Als sofortige Maßnahmen fordert die Polizei die Verhängung eines Ausgehverbotes und das Inkrafttreten strikter Notstandsgesetze, insbesondere auch ein Vermummungsverbot, um Randalierer aus der Anonymität zu reißen und sie zur Rechenschaft ziehen zu können, sowie größere eigene Befugnisse beim Vorgehen gegen Gewalttäter.

Carrie Lam, die Regierungschefin von Hongkong, hatte zuerst Vorbehalte geäußert, da sie befürchtete, dass der Schuss nach hinten losgehen und den ohnehin bereits geschädigten Ruf Hongkongs noch weiter beschädigen könnte. Wenig später jedoch hat sie eine Sondersitzung des Regierungskabinetts für heute, Freitag, angekündigt, um über ein Gesetz über ein Vermummungsverbot zu beraten. Das Vermummungsverbot könnte über eine Notfallverordnung aus dem Jahre 1922 eingeführt werden, das dem Stadtverantwortlichen die Befugnis erteilt, in Notfällen oder im Verzug öffentlicher Gefahr “alle Vorschriften zu erlassen, die er im öffentlichen Interesse für wünschenswert hält”. Wenn diese Maßnahmen heute in Kraft gesetzt werden, so soll dies gleich anschließend an die Sitzung verkündet werden.

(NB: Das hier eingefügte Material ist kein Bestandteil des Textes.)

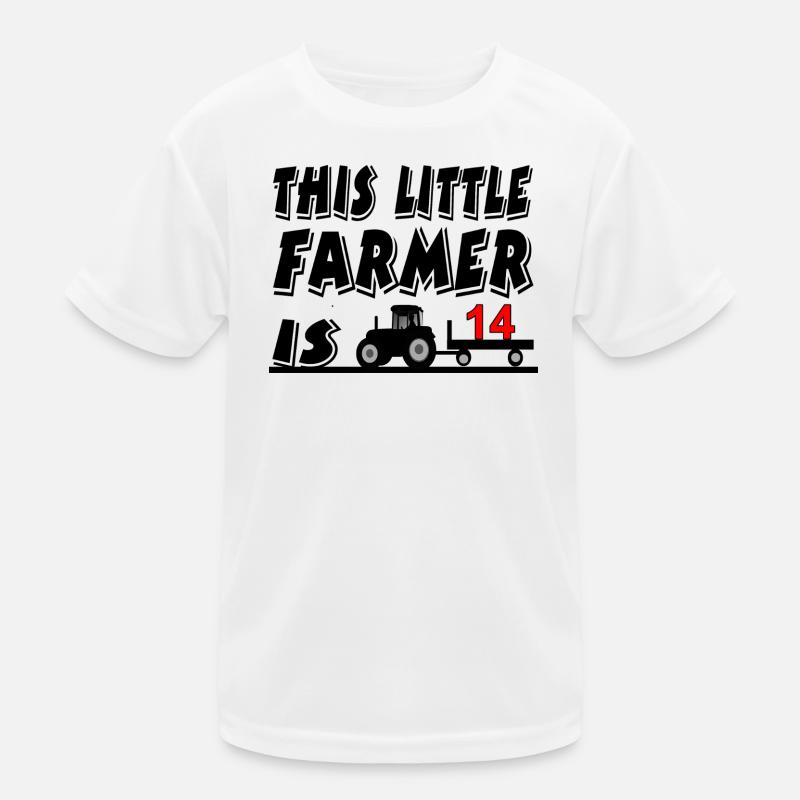 Kinder Funktions-T-Shirt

Natürlich wäre es ideal, wenn eine politische Lösung im Dialog mit der Protestbewegung gefunden werden könnte. Und ein Dialog zwischen den Parteien wird auch die einzige Lösung sein, wenn es denn irgendwann einmal eine Lösung geben sollte. Aber da gibt es keine Ansprechpartner bei den Regierungsgegnern, niemand, der wirklich offiziell befugt wäre, Verhandlungen mit Carrie Lam und ihrer Regierung zu führen und im Fall einer Einigung auch dafür sorgen könnte, dass ein gefundener Kompromiss auch befolgt würde. Die Stärke der Anonymität bedeutet auf der Seite der Regierungsgegner zugleich, keine wirklichen Verhandlungen zur Konfliktbeilegung führen zu können.
Und worüber will man auch groß verhandeln, wenn die Protestbewegung selber nicht so richtig weiß, was sie denn nun genau will und lieber vage Parolen ruft, Fahnen von Großbritannien und den USA schwenkt, dafür aber chinesische Fahnen verbrennt, Großbritannien und die USA aufruft, “ Hongkong zu helfen“ und sie sogar bittet, die Sanktionen gegen China zu verstärken?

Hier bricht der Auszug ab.